«Bastarda, qualche volta ti ammazzo», 40 anni di maltrattamenti alla moglie: condannato 67enne di Gizzeria
Tre anni di reclusione decisi dal giudice monocratico di Lamezia Terme. Minacce e ingiurie per futili motivi legati alla gelosia e all’alcol all’origine delle violenze
«Bastarda, qualche volta ti ammazzo». Dal 1982 al 2021, una donna, oggi 61enne, ha vissuto subendo le vessazioni del marito. L’uomo, C. R. 67 anni, di Gizzeria, è stato condannato a tre anni di reclusione dal giudice monocratico di Lamezia Terme Maria Giulia Agosti.

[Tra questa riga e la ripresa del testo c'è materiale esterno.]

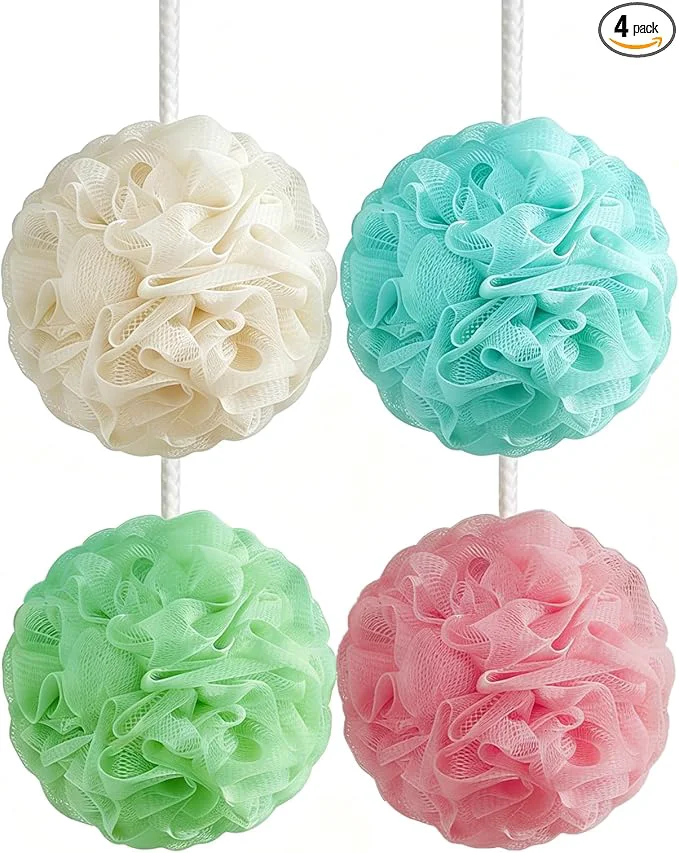 Powerful Loofah Sponge 4 Pack 60G Soft Loofa Bath Sponges Luffa Environmentally Friendly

In particolare l’uomo è accusato di aver maltrattato per oltre 40 anni la moglie, sottoponendola a continue vessazioni ed umiliazioni, oltre ad averle provocato in diverse circostanze lesioni personali come la frattura di un dito (mentre era incinta) o delle contusioni. Futili motivi legati alla gelosia e all’alcol avrebbero spinto il 67enne alle violenze, minacce e ingiurie causa per la vittima di umiliazioni, privazioni, disagio e continui timori.
Percosse con strattonamenti e schiaffi, pugni anche in testa, minacce di farla finire in sedia a rotelle, sputi. Nel 2021 la donna si è rifugiata in casa della figlia perché lui l’accusava di averlo tradito anni prima e minacciava di ucciderla. L’ira dell’uomo si sarebbe, allora, rivolta contro madre e figlia con la minaccia di ucciderle se avessero presentato domanda di separazione.
La Procura di Lamezia, all’esito di un’articolata istruttoria dibattimentale, aveva chiesto la condanna dell’imputato, difeso dall’avvocato Eugenio Durante, alla pena di un anno e quattro mesi di reclusione. Anche tenuto conto del fatto che già in passato la donna aveva denunciato l’imputato per vicende analoghe, rispetto alle quali l’uomo si era difeso in sede di interrogatorio affermando di averle dato solo qualche schiaffo e niente di più.
La parte civile T. M. C., difesa dall’avvocato Aldo Ferraro, ha messo in evidenza come troppo spesso, in processi del genere, si corra il rischio di ritenere che sia la persona offesa a doversi difendere dando la prova delle vessazioni e dei soprusi compiuti ai propri danni tra le mura domestiche, che in quanto tali non avvengono mai alla presenza di testimoni, e che debba essere superata l’erronea convinzione che la stessa si costituisca parte civile per accampare pretese economiche, quando invece ciò avviene al solo fine di contribuire ad un accertamento processuale il più aderente possibile alla realtà, nella consapevolezza che nessun ristoro economico potrà mai lenire le sofferenze subite.
La difesa dell’imputato, rappresentata in udienza dall’avvocato Sergio Vescio, ha posto l’accento sulla insussistenza dei fatti denunciati dalla persona offesa, che sarebbero stati confermati solo da una delle figlie della coppia, ma negati dall’altra figlia nonché da amici e parenti dell’imputato.
Tre anni di reclusione è stata, infine, la decisione del giudice di primo grado, oltre al risarcimento dei danni da liquidarsi in separata sede, anche tenuto conto che nei confronti dell’uomo pende un altro procedimento penale per la violazione del divieto di avvicinamento alla persona offesa che gli era stato applicato in fase di indagini, nel quale l’imputato ha già avanzato richiesta di patteggiamento con il consenso del pubblico ministero.